Problem:
Could you output each line below exactly as it appears, excluding any pictures?

Recorded data:
==============================

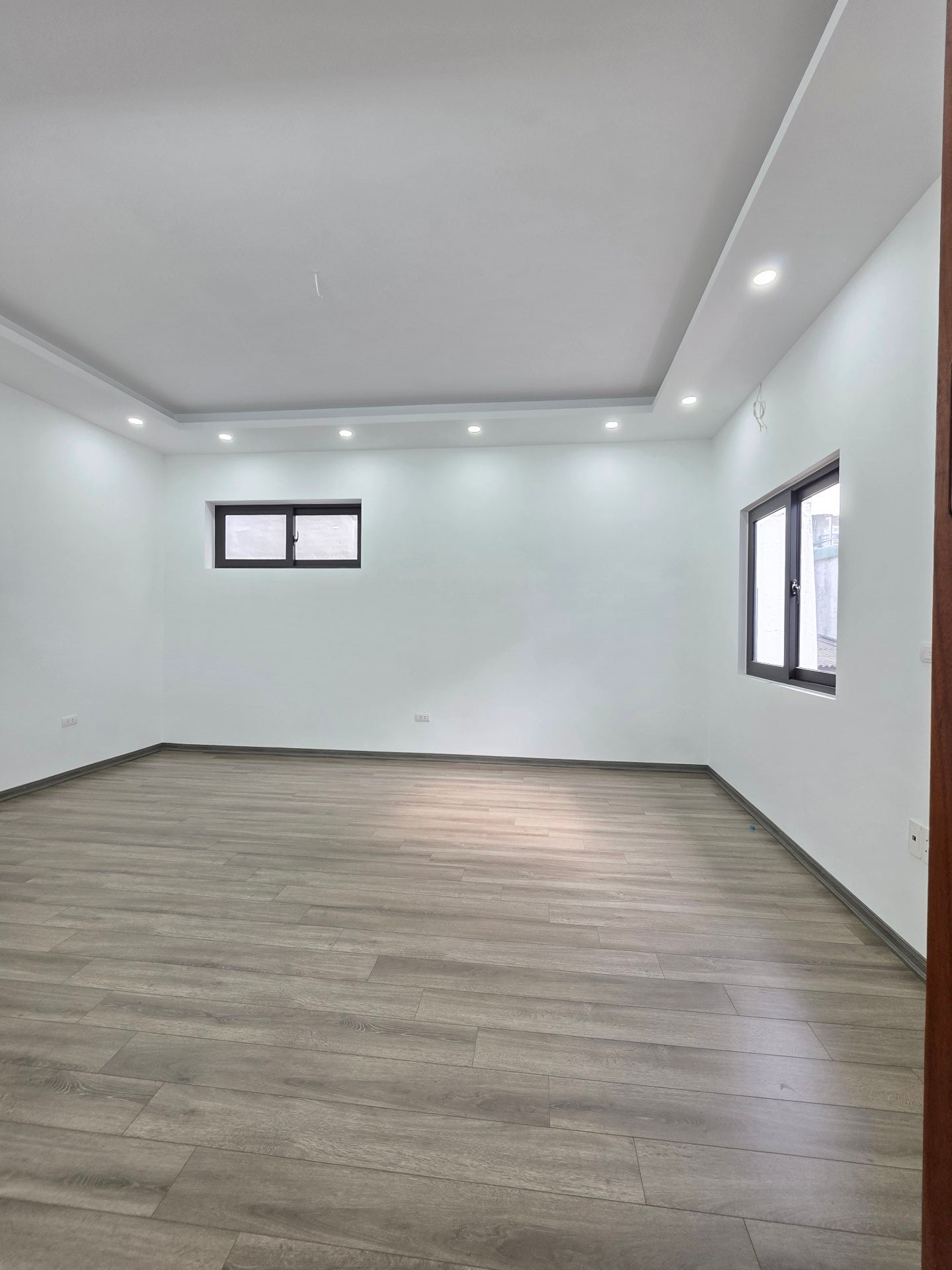 Bán nhà Hai Bà Trưng - diện tích 39m2 5 tầng - Lô góc 2 mặt thoáng - giá 7,8 tỷ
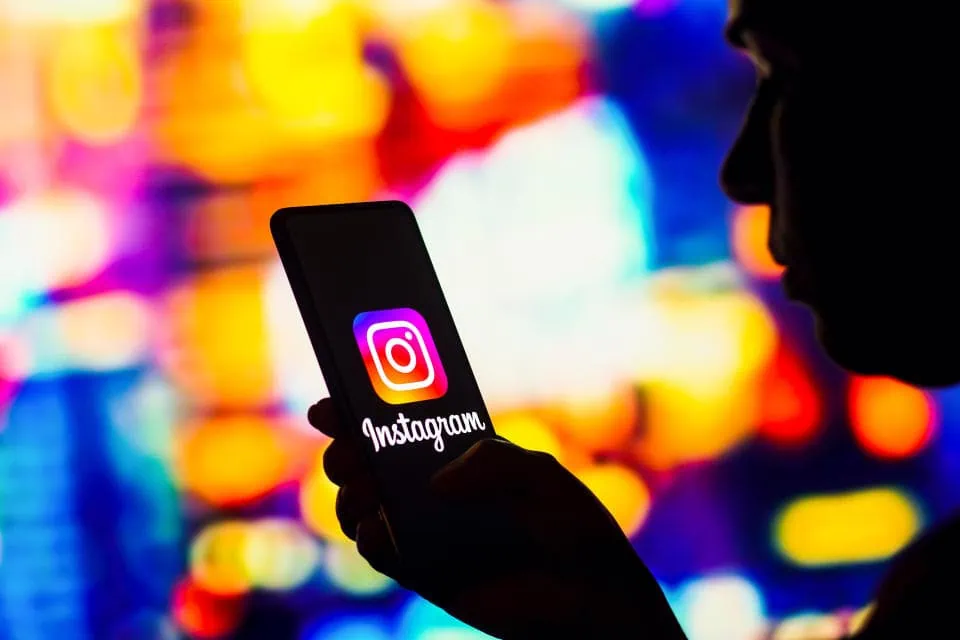Como recuperar conta do instagram hackeada e aumentar segurança Pessoa que teve conta suspensa do instagram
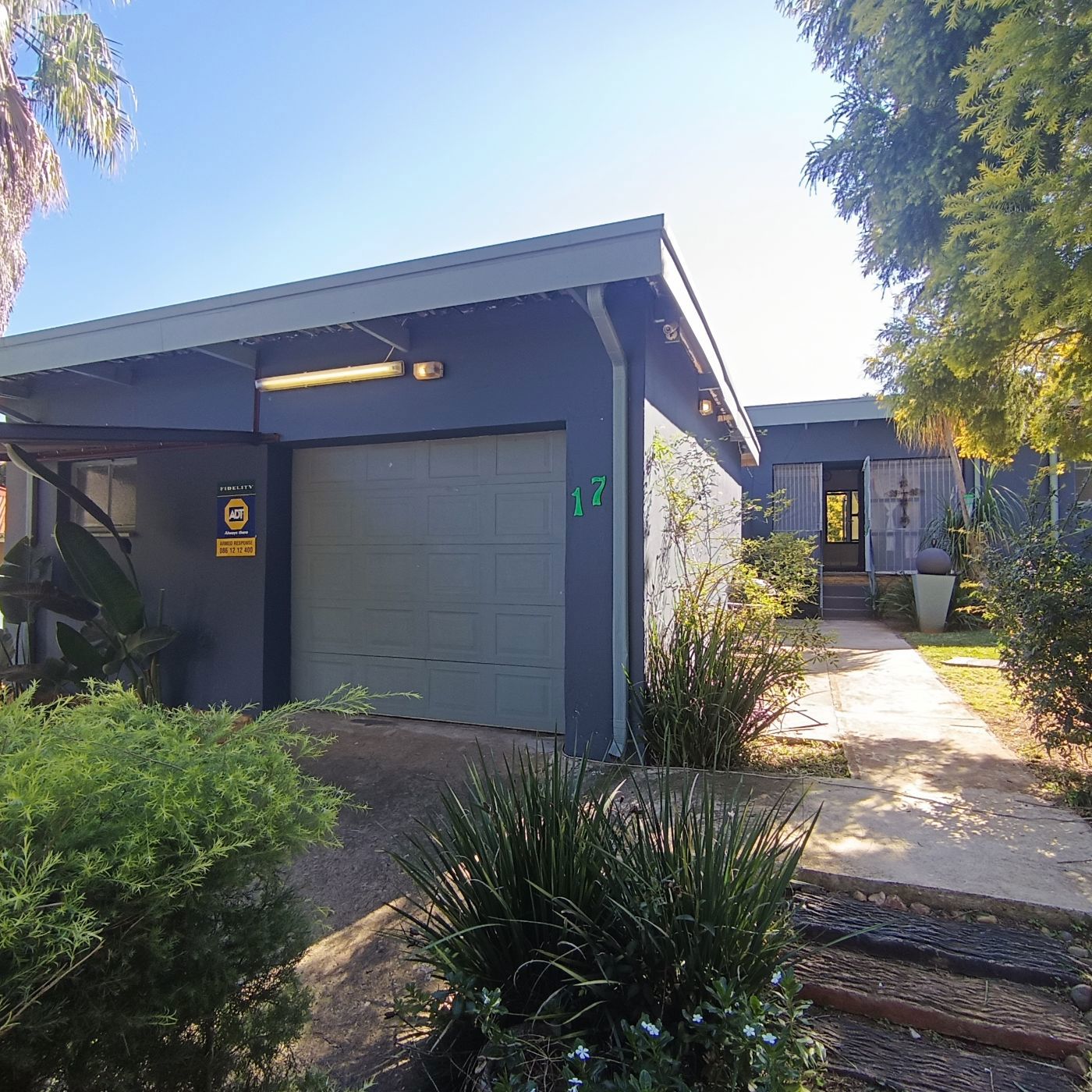 House for sale in Sunnyridge, Newcastle - 1NW1659116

==============================

Solution below:
 Bán nhà Hai Bà Trưng - diện tích 39m2 5 tầng - Lô góc 2 mặt thoáng - giá 7,8 tỷ
Como recuperar conta do instagram hackeada e aumentar segurança Pessoa que teve conta suspensa do instagram
 House for sale in Sunnyridge, Newcastle - 1NW1659116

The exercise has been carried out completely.